*WHAT TO PRODUCE*
Pictures are to be dropped, and only the lines from the one containing "KIA Optima Rear/tail" through the end of the data below are to be reproduced as written.

*PROVIDED DATA*
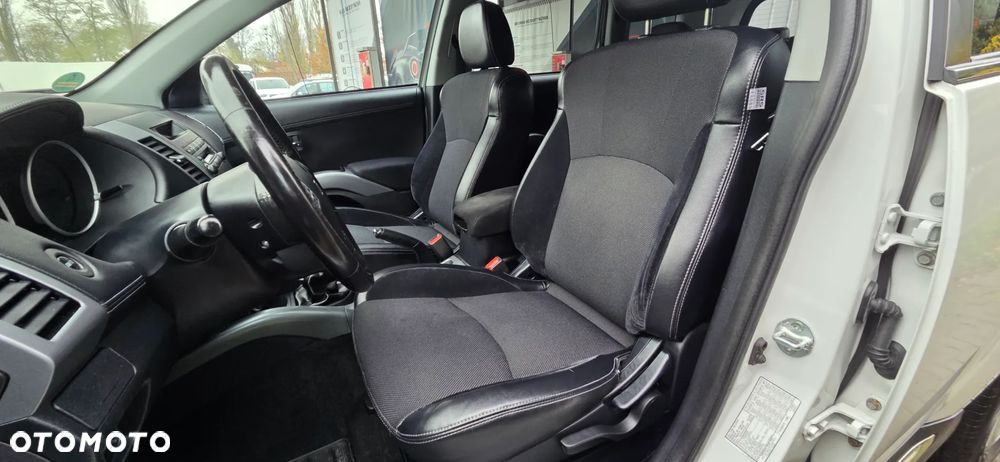 Mitsubishi Outlander 2.2 DI-D ClearTec 2WD Edition - 28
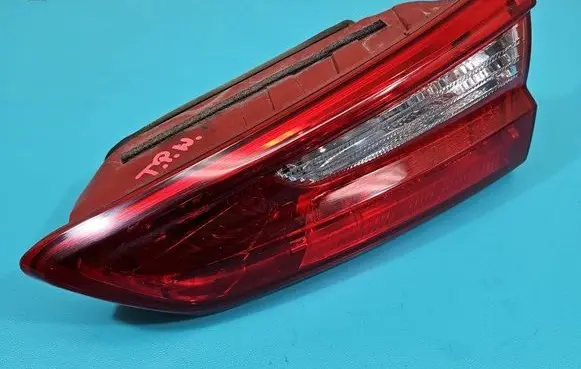 KIA Optima Rear/tail lights 92404-D43 IMPRK1448375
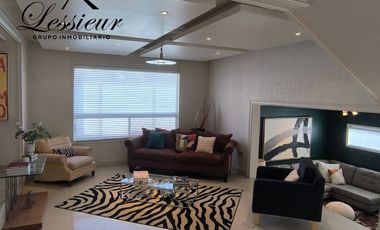 CASA EN ESQUINA CON ALBERCA 🏡✨ FRACC. PRIVADO | AMUEBLADA | FRENTE A PARQUE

*ANSWER TO THE PROBLEM*
 KIA Optima Rear/tail lights 92404-D43 IMPRK1448375
 CASA EN ESQUINA CON ALBERCA 🏡✨ FRACC. PRIVADO | AMUEBLADA | FRENTE A PARQUE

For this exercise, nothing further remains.